Oh man, I would totally upvote you in thanks, but I'm too lazy. Not to mention the moralist in me wanting to instead berate you for keeping the lazy that way. Luckily the karma whore in me has trumped all that and convince the rest to reply with snark :)
Anyone interested in understanding randomness should endeavor to understand what probability actually is. As a Bayesian I think that probability is not a property of any object but rather a subjective measure of your own confidence, your own knowledge. To say something is random is just to say that you lack enough information to predict any one outcome over another. But everything could be predicted perfectly (barring quantum events) with enough knowledge. If I knew that a coin was weighted to favor heads my degree of belief in the outcome of the toss would become stronger. The probability for me would become, say, 75% heads, while for the observer without such knowledge it would be 50%.
>@Thilo No, it doesn't... ? If a random variable is uniformly distributed in the range (0,1), and you sample the variable n times, and take the sum, it will just be uniformly distributed in the range (0,n). – user359996 12 hours ago
It's so easy to sound certain and be wildly wrong.
How is that related to the SO question? The post is asking about how to tell if one distribution is "more random" than another, which is what entropy is all about.
Consider a random number generator that produces integers between 0 and 15. Here's a really crappy algorithm:
1. Start with a truly random seed between 0 and 15.
2. Increment it each time to generate a random number, modulo 16.
Suppose you start at 11. Your sequence of random numbers will be 11, 12, 13, 14, 15, 1, 2, 3 ....
This is obviously not very random. But look at the entropy of it. All values between 0 and 15 are equally likely, so this will have the maximum possible entropy: 4 bits.
The problem here is that, for entropy to be an accurate measurement of information content, you have to assume that you're measuring independent identically distributed random variables. The outputs from a pseudo-random number generator are not independent.
If we are interested in a _sequence_ of pseudorandom numbers, then we should be talking about the _joint_ entropy of the sequence. But information theory is plenty capable of describing "how random" a sequence is.
The generator you are talking about is far from producing a uniform distribution (which would have maximum entropy) jointly over the n-dimensional hypercube that would represent a sequence of n draws from your generator, so it has less entropy and is thus "less random" than the distribution you'd get from n independent draws from a perfect rand().
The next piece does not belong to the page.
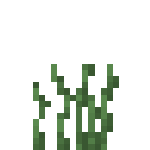 Minecraft双草丛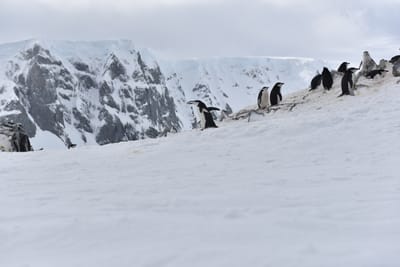 DSC_9630.JPG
More interesting to grasp is that even
rand() * rand() / rand()
is less evenly distributed than rand().
It does seem like it should be possible to remap the numbers onto an even distribution if you knew how uneven to expect it to be. That would probably lead to some loss of fidelity at the limits of accuracy of the variable, however.
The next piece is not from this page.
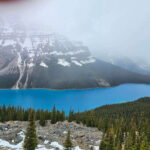 Canmore/Banff: Columbia Icefield, Skywalk, Peyto Day Tour - Who Will Love This Tour?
I like the comments about dice. With one die, an outcome of 4 or 2 is equally likely. With two dice, an outcome of 4 is three times more likely than 2.
So while one and two dice games are both random (as in unpredictable), only the one-die game has uniformly distributed outcomes.
The central limit theorem is one of the most initially surprising and fascinating things in all of math. Please support the central limit theorem by learning about it on Wikipedia, or wherever fine theorems are discussed.
Edit to add: If you haven't learned about this enough to know that implementing systems that depend on randomness, like cryptographic systems, is really, really difficult and error-prone, please just use a standard library instead.
It's the most counter-intuitive thing in the world that rand() * rand() is less secure than rand(); shouldn't it be twice as unpredictable? But it's not. Cryptography and related fields are rife with counter-intuitive gotchas.